I'm having, however, bigger problems properly porting the unit tests and
have seen various explosions. In the process I noticed that some things
in the unit tests aren't right and a bit of a larger rework will be
necessary (for example, the timedout job callback must signal the
timedout fence, remove it from the list and so on).

General approach I follow when implementing any mock component is to implement only as much is needed for a test to pass. Only add more and rework when a test/functionality is added which requires it.

Specifically for timedout callback signaling I see that I had exactly that added in the patch you linked as [2].
> Anyways. Please comment on the general idea.

I am obviously okay with it. :) Especially now that you verified it works well for nouveau.

What I am not that ecstatic about is only getting the Suggested-by credit in 1/6. Given it is basically my patch with some cosmetic changes like the kernel doc and the cancel loop extracted to a helper.

@Tvrtko: As briefly brainstormed about on IRC, if you'd be willing to
take care of the unit tests patch, I could remove that one (and,
maaaaybe, the warning print patch) from the series and we could merge
this RFC's successor version %N once it's ready. What do you think?
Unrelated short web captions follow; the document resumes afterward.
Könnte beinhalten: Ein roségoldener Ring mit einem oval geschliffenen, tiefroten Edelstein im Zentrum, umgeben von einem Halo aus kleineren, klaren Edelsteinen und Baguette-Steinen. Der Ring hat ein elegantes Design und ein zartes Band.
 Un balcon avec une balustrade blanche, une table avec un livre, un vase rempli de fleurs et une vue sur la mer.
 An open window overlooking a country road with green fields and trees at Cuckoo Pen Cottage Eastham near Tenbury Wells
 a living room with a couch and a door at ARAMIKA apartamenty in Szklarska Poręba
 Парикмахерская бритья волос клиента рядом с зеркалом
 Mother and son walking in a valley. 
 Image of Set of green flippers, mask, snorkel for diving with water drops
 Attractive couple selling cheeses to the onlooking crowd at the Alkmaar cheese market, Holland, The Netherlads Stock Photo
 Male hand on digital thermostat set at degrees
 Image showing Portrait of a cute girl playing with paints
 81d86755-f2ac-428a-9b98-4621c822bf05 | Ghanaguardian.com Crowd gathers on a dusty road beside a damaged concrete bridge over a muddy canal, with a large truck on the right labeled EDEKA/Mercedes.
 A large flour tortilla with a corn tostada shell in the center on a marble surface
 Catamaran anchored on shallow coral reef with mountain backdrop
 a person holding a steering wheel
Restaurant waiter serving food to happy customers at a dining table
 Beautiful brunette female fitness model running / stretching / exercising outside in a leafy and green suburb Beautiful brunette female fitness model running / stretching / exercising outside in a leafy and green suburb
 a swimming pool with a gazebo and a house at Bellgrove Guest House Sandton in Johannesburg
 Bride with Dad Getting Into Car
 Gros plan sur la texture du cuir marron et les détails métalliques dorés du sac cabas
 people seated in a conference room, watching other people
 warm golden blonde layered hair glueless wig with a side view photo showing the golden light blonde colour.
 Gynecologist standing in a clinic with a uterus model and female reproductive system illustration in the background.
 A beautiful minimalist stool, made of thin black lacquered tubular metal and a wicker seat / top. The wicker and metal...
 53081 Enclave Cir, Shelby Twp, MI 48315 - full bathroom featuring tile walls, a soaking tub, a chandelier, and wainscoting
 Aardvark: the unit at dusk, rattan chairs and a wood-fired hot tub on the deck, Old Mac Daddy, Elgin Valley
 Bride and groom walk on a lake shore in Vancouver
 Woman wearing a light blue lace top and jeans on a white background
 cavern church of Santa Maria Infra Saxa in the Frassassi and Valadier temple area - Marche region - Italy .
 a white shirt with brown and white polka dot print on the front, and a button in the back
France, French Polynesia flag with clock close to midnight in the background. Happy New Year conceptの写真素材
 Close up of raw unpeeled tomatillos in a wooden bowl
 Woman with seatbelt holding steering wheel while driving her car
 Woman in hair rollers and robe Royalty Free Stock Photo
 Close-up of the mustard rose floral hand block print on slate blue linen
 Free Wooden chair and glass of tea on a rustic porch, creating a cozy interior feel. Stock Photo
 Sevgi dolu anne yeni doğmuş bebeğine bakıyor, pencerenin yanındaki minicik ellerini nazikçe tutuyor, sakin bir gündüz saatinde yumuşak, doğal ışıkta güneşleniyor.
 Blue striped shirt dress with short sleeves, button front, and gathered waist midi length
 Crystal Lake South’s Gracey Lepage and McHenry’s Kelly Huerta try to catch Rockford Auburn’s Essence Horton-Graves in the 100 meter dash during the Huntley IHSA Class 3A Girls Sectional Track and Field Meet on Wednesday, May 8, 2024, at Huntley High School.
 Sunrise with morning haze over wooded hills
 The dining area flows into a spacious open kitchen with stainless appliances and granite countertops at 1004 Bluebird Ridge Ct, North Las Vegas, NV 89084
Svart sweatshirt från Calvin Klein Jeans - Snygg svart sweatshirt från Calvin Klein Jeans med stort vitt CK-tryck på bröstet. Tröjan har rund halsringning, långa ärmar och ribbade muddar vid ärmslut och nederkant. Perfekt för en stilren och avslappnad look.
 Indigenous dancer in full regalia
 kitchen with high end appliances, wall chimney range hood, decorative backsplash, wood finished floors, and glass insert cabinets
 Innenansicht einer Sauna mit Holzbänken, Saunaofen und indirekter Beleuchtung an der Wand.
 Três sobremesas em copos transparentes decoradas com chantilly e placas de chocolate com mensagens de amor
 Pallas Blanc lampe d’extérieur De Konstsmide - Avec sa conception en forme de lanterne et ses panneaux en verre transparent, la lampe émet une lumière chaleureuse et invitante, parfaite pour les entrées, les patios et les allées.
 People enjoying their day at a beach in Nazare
Okay in principle but the first thing I would suggest you could try is to take my unit tests adaptations from [2] verbatim. Benefit of keeping everything in one series is more confidence we are merging a solid thing. But I can take it on myself as a follow up too if you want.

Regards,

Tvrtko


P.

[1] https://lore.kernel.org/dri-devel/20250522082742.148191-2-phasta@xxxxxxxxxx/
[2] https://lore.kernel.org/dri-devel/20250418113211.69956-1-tvrtko.ursulin@xxxxxxxxxx/

Philipp Stanner (6):
drm/sched: Avoid memory leaks with cancel_job() callback
drm/sched/tests: Implement cancel_job()
drm/sched: Warn if pending list is not empty
drm/nouveau: Make fence container helper usable driver-wide
drm/nouveau: Add new callback for scheduler teardown
drm/nouveau: Remove waitque for sched teardown

drivers/gpu/drm/nouveau/nouveau_fence.c | 35 +++++----
drivers/gpu/drm/nouveau/nouveau_fence.h | 7 ++
drivers/gpu/drm/nouveau/nouveau_sched.c | 35 +++++----
drivers/gpu/drm/nouveau/nouveau_sched.h | 9 +--
drivers/gpu/drm/nouveau/nouveau_uvmm.c | 8 +--
drivers/gpu/drm/scheduler/sched_main.c | 37 ++++++----
.../gpu/drm/scheduler/tests/mock_scheduler.c | 71 +++++++------------
drivers/gpu/drm/scheduler/tests/sched_tests.h | 4 +-
include/drm/gpu_scheduler.h | 9 +++
9 files changed, 115 insertions(+), 100 deletions(-)